(concurring and dissenting).
I fully agree with the majority that the district court properly granted a directed verdict on the anti-trust claim.
I would remand this case, however, for a new trial solely on the issue of whether the directors of Erie-Crawford exceeded their power as agents for the producers and by so doing caused actual loss to the plaintiff class.
I do not find that there has been any conversion, of milk or money, in this case. While I agree with the majority that a conversion is the deprivation of another’s right in property, or the unlawful interference with that property, I do not find any such improper activity amounting to a conversion of the consigned milk on the facts before us. A claim based on converting a chattel, the milk in this case, would require the pro*484dueers to show that they had consented to the cooperative’s control over the milk for one purpose which was then ignored when the milk was sold.

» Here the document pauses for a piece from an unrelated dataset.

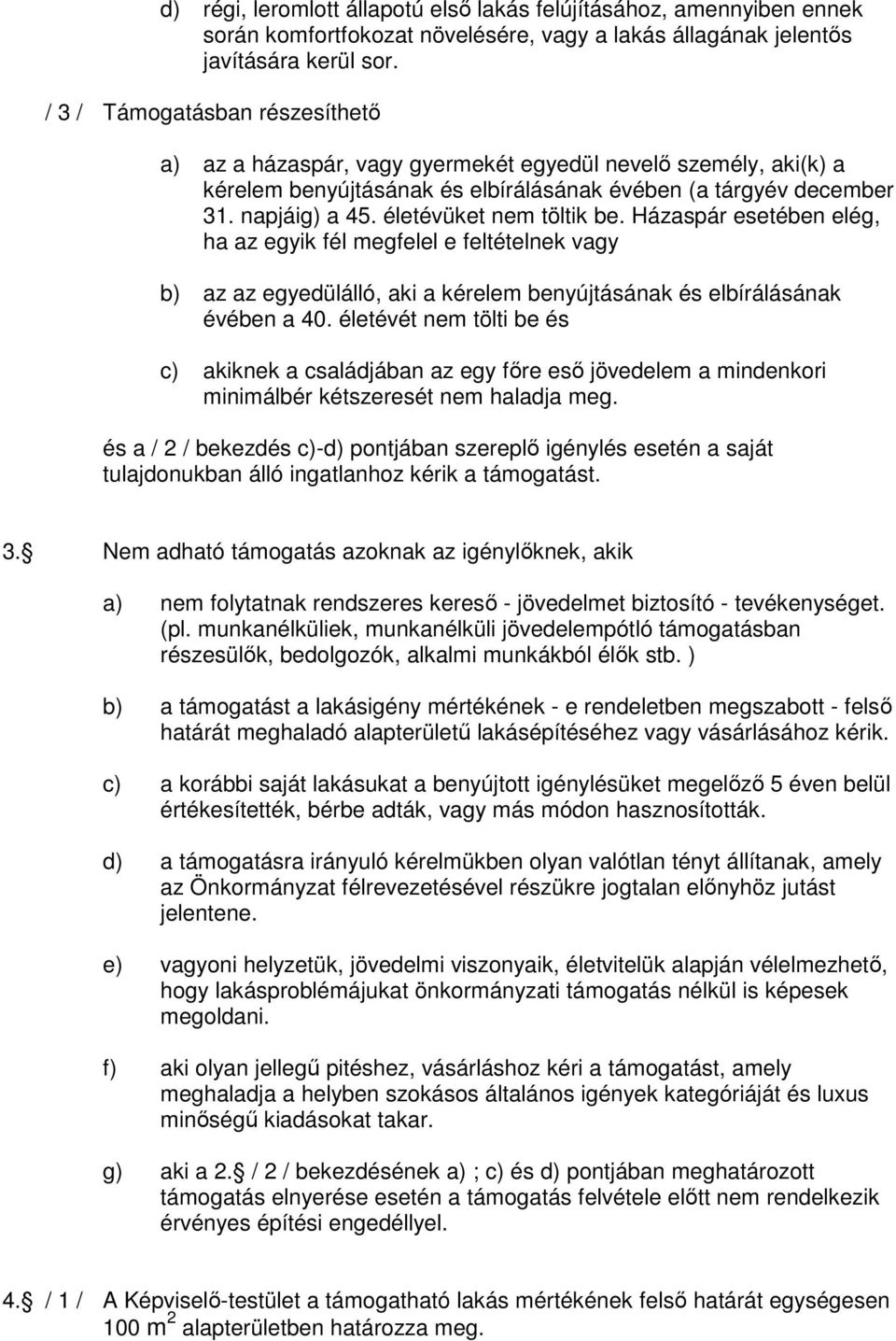 életévüket nem töltik be. Házaspár esetében elég, ha az egyik fél megfelel e feltételnek vagy b) az az egyedülálló, aki a kérelem benyújtásának és elbírálásának évében a 40.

See Restatement of Torts 2d § 228. However, a new trial could not show that the cooperative exercised any unlawful dominion over the milk that interfered with any of the producers’ rights. There seems no way plaintiff will be able to change the seemingly conceded and inescapable conclusion that the cooperative sold the milk at the prices set by the Pennsylvania Milk Control Commission, precisely as the producers wanted. Furthermore, as Comment (g) to Section 228 makes clear, there is no conversion “unless [the control exercised] amounts to such a serious violation of the other’s right of control as to justify requiring the user to pay the full value of the chattel.” The plaintiff’s own statement of damages illustrates he cannot meet that burden: he seeks only the difference between the Milk Control Commission price and the amount actually received.
However, I would agree with the majority that there was no conversion of funds because the producers did not have a right to immediate title to the proceeds. They possessed only a contractual right to a sum that reflected payments to the cooperative for its services. In addition, in Pennsylvania, it has been determined that when an agent does not exercise unlawful dominion over funds otherwise owing to his principal, he has not committed a conversion, and is at best liable to pay over the sum he has received plus any damages brought about by his negligent conduct. Allegheny By-Product Coke Co. v. J. H. Hillman & Sons Co., 275 Pa. 191,118 A. 900, 905 (1922).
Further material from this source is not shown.